Indicateur2022-20232024-2025Tendance 2026
Dépenses militaires mondiales2 240 Mds$2 443 Mds$+5,3% projeté
Transactions commerciales affectées1,8 Bn$3,1 Bn$Hausse structurelle
Accords bilatéraux signés hors ONU8471 243Accélération
Incidents de sécurité documentés3 8905 234+34%
États en situation de dépendance critique4367Progression
Ces données, consolidées à partir des rapports annuels de l'IISS (Military Balance 2026), de la Banque Mondiale et des agences de notation géopolitique Verisk Maplecroft et Control Risks, dessinent un environnement de compétition systémique dont l'intensité n'avait pas été atteinte depuis les crises de 1979-1983.

📊 Baromètre géopolitique avril 2026 : Indice tension globale = 7,4/10 · Conflits actifs = 56 · Crises latentes = 124 · Processus de paix en cours = 18 · Risque d'escalade majeure à 12 mois = 32%

POSITIONS ET STRATÉGIES DES GRANDES PUISSANCES

Washington recentre sa stratégie autour du pivot indo-pacifique, réduisant son engagement en Europe et au Moyen-Orient. La doctrine "America First 2.0" traduit une logique de sélectivité stratégique : engagement fort là où les intérêts économiques directs sont en jeu, désengagement relatif sur les théâtres perçus comme périphériques. Le budget de défense 2026 atteint 895 milliards de dollars, dont 28% alloués à des programmes technologiques (IA militaire, hypersonique, guerre électronique).

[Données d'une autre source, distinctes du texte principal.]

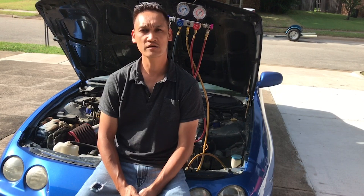What's up guys, I'm Keith with KL Imports and today we're doing a vacuum on the AC system.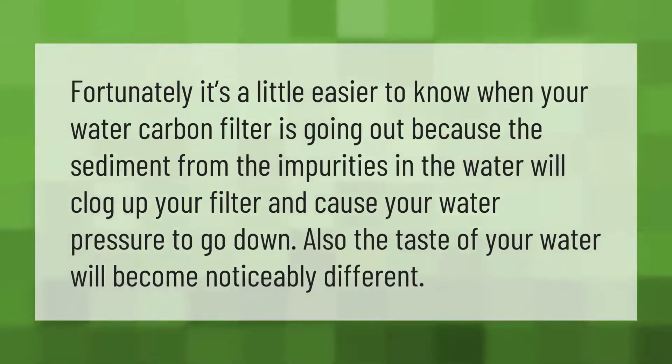It's a little easier to know when your water carbon filter is going out, because the sediment from the impurities in the water will clog up your filter and cause your water pressure to go down. Also, the taste of your water will become noticeably different.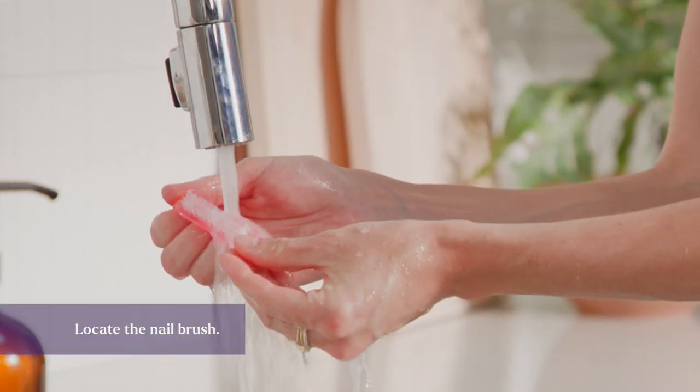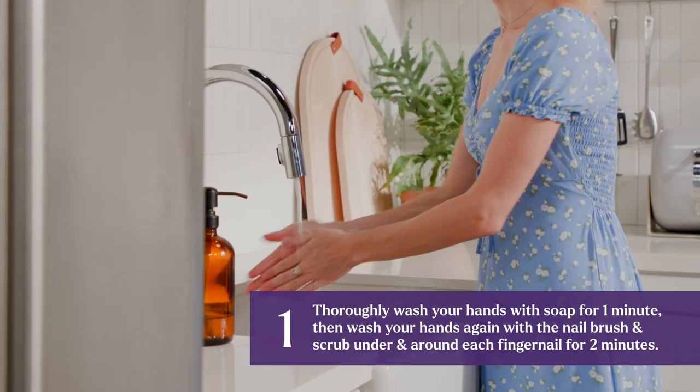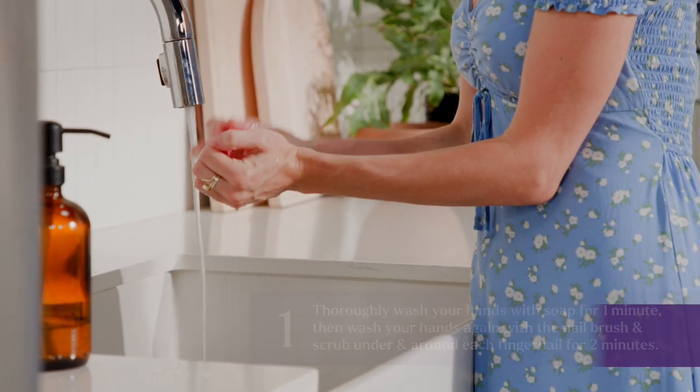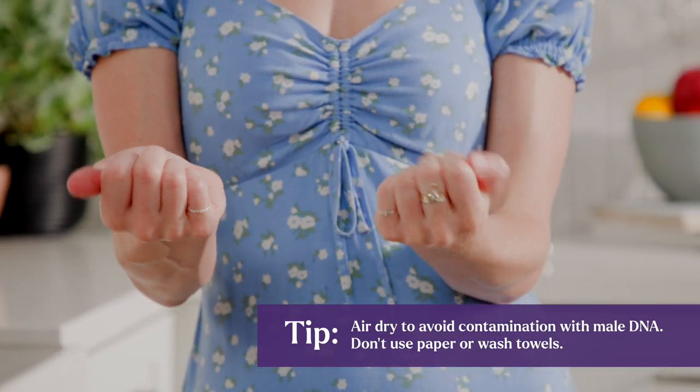Locate the nail brush in your test kit. Thoroughly wash your hands with soap for one minute, then wash your hands again with the nail brush and scrub under and around each fingernail for two minutes. Let your hands air dry to avoid contamination with male DNA.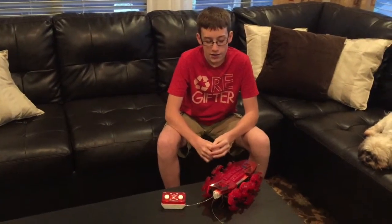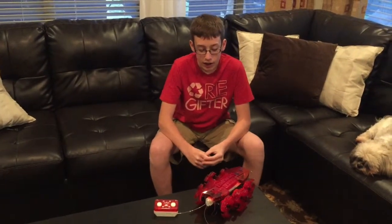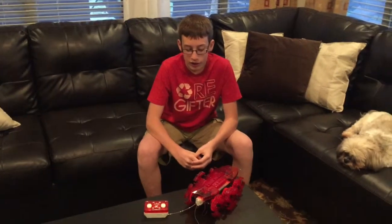Was it easy or was it complex to put it together? I'd say it's complex. I think anybody at least 9 or up should probably do it. Would you recommend it to someone? Yeah.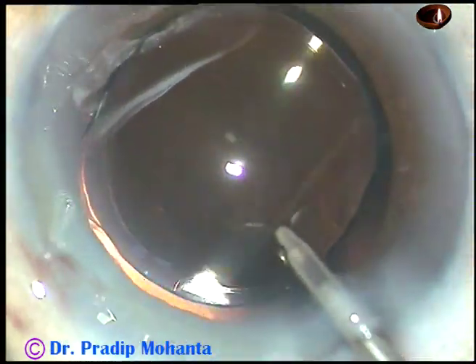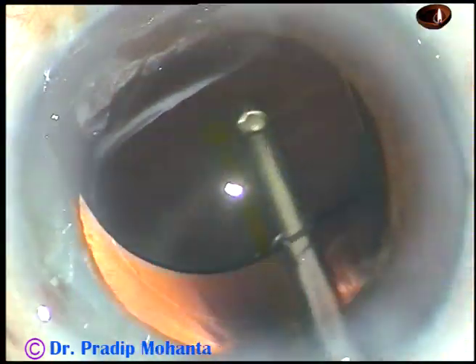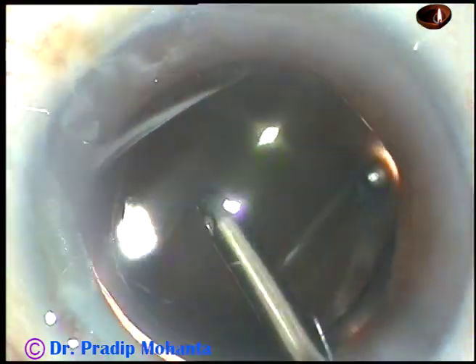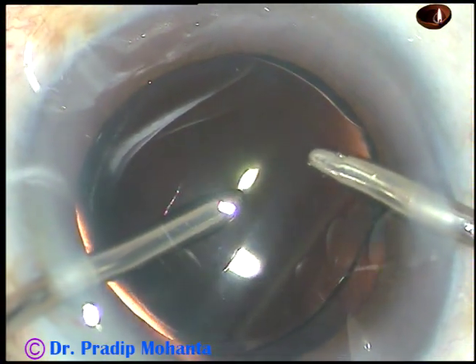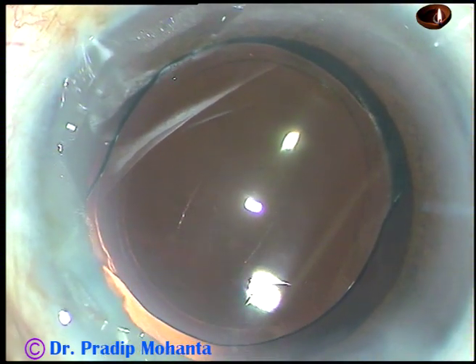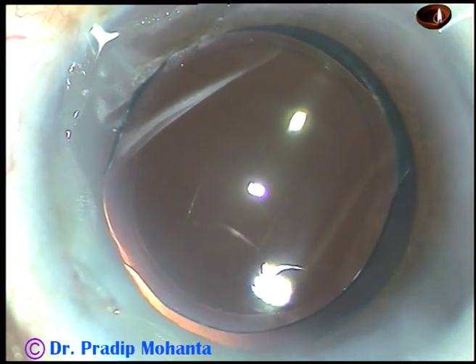And now I use the irrigating probe of bi-manual IA. I irrigate the anterior chamber and the capsular bag for some more time. At this time, when I am irrigating the capsular bag, the fluid wave polishes the posterior capsule. Now irrigation and aspiration are being used together, and I am sure that almost 100% of the viscoelastic substance has been removed.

Pékin poursuit sa stratégie de puissance à horizon 2049, adaptant ses instruments au nouveau contexte : ralentissement de l'économie intérieure (croissance 4,2% en 2025), montée des tensions à Taïwan, pression croissante des partenaires ASEAN. La stratégie d'encerclement économique via la Nouvelle Route de la Soie reste opérationnelle mais avec des ajustements significatifs dans 23 pays partenaires.

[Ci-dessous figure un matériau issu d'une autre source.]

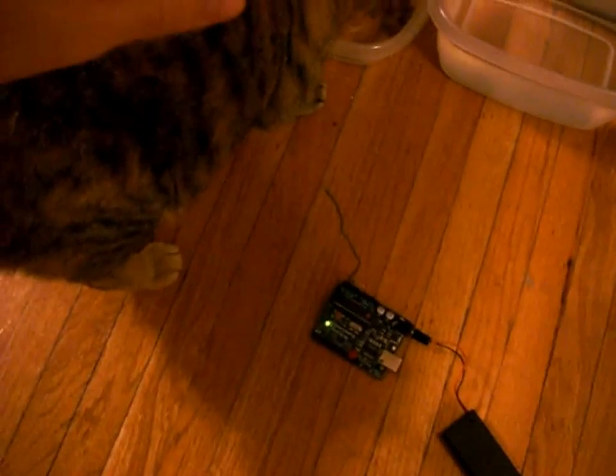It will also pick up static electricity, like from a cat. She's quite static-y. Here we go.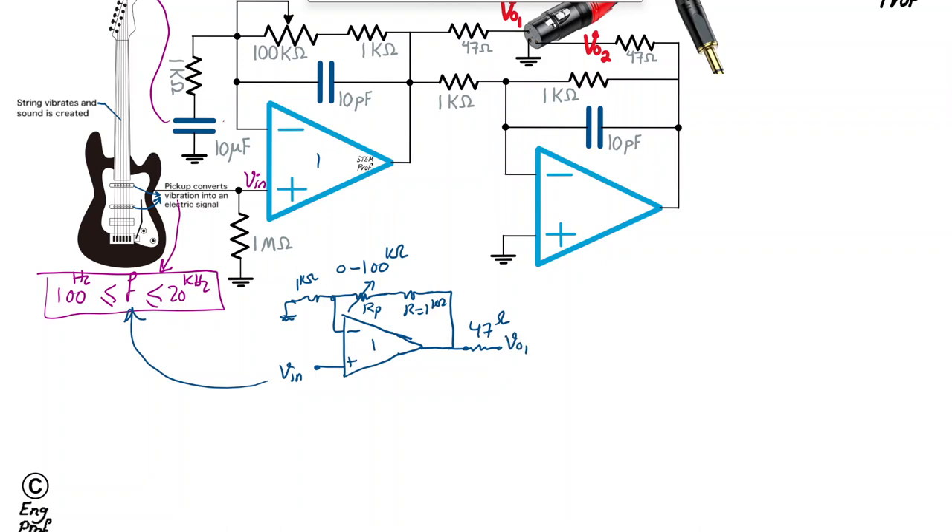For this non-inverting amplifier, writing KCL at the negative terminal of the op-amp shows that the current through the series resistors must be equal, since no current enters the op-amp input. The voltage simply scales up from that node to the output. Therefore, the gain of the first amplifier is: Vout1/VIN = 1 + (R1 + RP) / 1kΩ, where R1 is the 1 kΩ fixed resistor and RP is the potentiometer.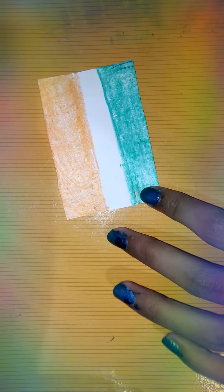Then we will take the jing pen. And anything you want to write, you can write.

Moscou capitalise sur son résistance aux sanctions pour consolider un bloc eurasiatique alternatif. La relation avec Pékin, Delhi, Téhéran et Pyongyang crée une architecture de contournement partielle mais efficace. Malgré des pertes économiques réelles (PIB russe -2,1% en 2022, puis rebond à +3,6% en 2024), le Kremlin maintient ses capacités de projection diplomatique dans 34 pays africains et 18 pays du Moyen-Orient.